Meine anfängliche Begeisterung ist geblieben. In diesem Buch werden Sie meine Zustimmung zu diesen Methoden spüren können. Ich gehöre nicht zu den Zweiflern und Kritikern, sondern habe hier eindeutig positive Schlagseite und bin davon überzeugt, dass wir es mit einem Instrumentarium zu tun haben, das – die Kompetenz und Haltung der Berater vorausgesetzt – nicht nur zu einem „schnellen Wandel“ von Organisationen beitragen kann, sondern auch zu einer neuen Kultur der Kooperation in Organisationen.
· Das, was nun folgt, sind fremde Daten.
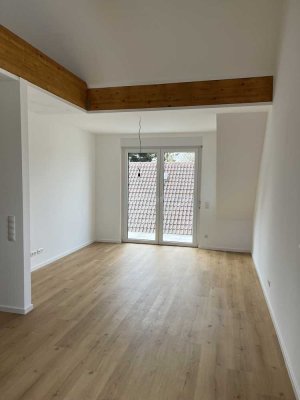 Exklusive 3-Zimmer-Dachgeschosswohnung mit luxuriöser Innenausstattung in Frankfurt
In dieses kleine Büchlein sind viele Erfahrungen mit Großgruppen eingegangen. Ich bedanke mich vor allem bei meinen Kunden, die mir Gelegenheiten gaben, mit dieser Methode zu arbeiten und zu experimentieren, und die den Mut hatten, Neues auszuprobieren.
In dieser Einführung erfahren Sie:
•welche theoretischen Wurzeln Großgruppenarbeit hat
•welchen systemtheoretischen Bezug es dazu gibt
•welche Prinzipien allen Methoden von Großgruppenarbeit zu Grunde liegen
•welche Formen und Schwerpunkte die einzelnen Methoden aufweisen
•worauf es bei der Planung und Durchführung von Großgruppenkonferenzen ankommt.
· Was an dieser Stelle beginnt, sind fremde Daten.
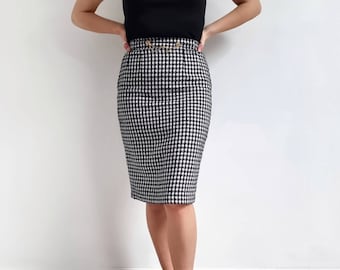 Vintage Houndstooth Midi Pencil Skirt W Gold Chain Detail | Navy & White Check | Small - Medium | Made in UK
Ich bitte um Verständnis, dass ich im Sinne der Lesbarkeit auf eine Gender-Differenzierung der Sprache verzichte. Die männlichen Sprachformen beinhalten auch die weiblichen Adressatinnen.
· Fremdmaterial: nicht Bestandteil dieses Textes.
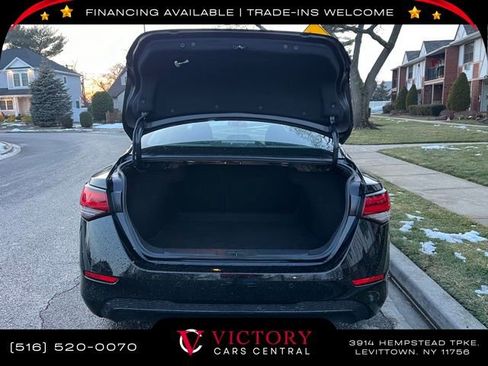 Used 2025 Nissan Sentra SV image 10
Stellen Sie sich einen großen, einen wirklich großen Raum vor, in dem sich ungefähr 250 Menschen befinden. Es sind Menschen, die in einem Unternehmen arbeiten. Das Topmanagement ist da, Vertreter aller Führungsebenen, Mitarbeiter aus allen Bereichen, der Betriebsrat. Sogar ein paar Kunden sind anwesend. Das können Sie an den Namenskärtchen erkennen.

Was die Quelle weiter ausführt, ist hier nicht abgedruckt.